A FAILURE TO COMPLY WITH LOCAL RULES 16-281 AND 16-282 WILL BE GROUNDS FOR SANCTIONS

Notwithstanding the provisions of Local Rule 16-281, which contemplates the filing of separate Pretrial Statements by plaintiffs and defendants, the parties are to prepare a JOINT STATEMENT with respect to the undisputed facts and disputed factual issues of the case. See Local Rule 16-281(b)(3), (4), and (6). The undisputed facts and disputed factual issues are to be set forth in two separate sections. The parties should identify those facts which are relevant to each separate cause of action. In this regard, the parties are to number each individual fact or factual issue. Where the parties are unable to agree as to what factual issues are properly before the court for trial, they should nevertheless list in the section on "DISPUTED FACTUAL ISSUES" all issues asserted by any of the parties and explain by parenthetical the controversy concerning each issue. The parties should keep in mind that, in general, each fact should relate or correspond to an element of the relevant cause of action. The parties should also keep in mind that the purpose of listing the disputed factual issues is to apprise the court and all parties about the precise issues that will be litigated at trial. The court is not interested in a listing of all evidentiary facts underlying the issues that are in dispute.*fn3 The joint statement of undisputed facts and disputed factual issues is to be filed with the court concurrently with the filing of plaintiff's Pretrial Statement. If the case is tried to a jury, the undisputed facts will be read to the jury.

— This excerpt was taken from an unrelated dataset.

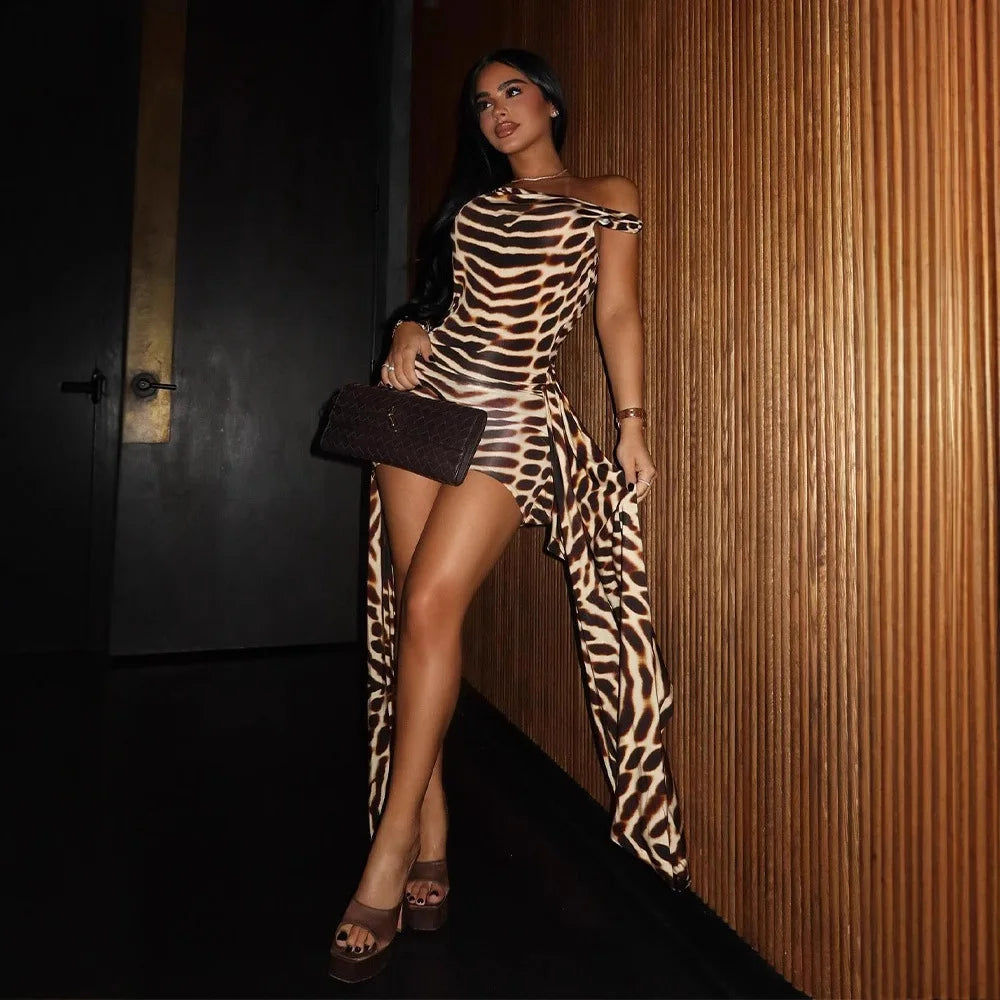 Wild Instinct Drape Mini Dress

Pursuant to Local Rule 281(b)(10) and (11), the parties are required to provide in their Pretrial Statements a list of witnesses and exhibits that they propose to proffer at trial, no matter for what purpose. These lists shall not be contained in the Pretrial Statement itself, but shall be attached as separate documents to be used as addenda to the Final Pretrial Order. Plaintiff's exhibits shall be listed numerically; defendants' exhibits shall be listed alphabetically. The Pretrial Order will contain a stringent standard for the proffering of witnesses and exhibits at trial not listed in the Pretrial Order. Counsel are cautioned that the standard will be strictly applied. On the other hand, the listing of exhibits or witnesses which counsel do not intend to call or use will be viewed as an abuse of the court's processes.

Counsel are also reminded that, pursuant to Fed. R. Civ. P. 16, it will be their duty at the Pretrial Conference to aid the court in (a) formulation and simplification of issues and the elimination of frivolous claims or defenses; (b) settling of facts which should be properly admitted; and (c) the avoidance of unnecessary proof and cumulative evidence. Counsel must prepare their Pretrial Statements, and participate in good faith at the Pretrial Conference, with these aims in mind.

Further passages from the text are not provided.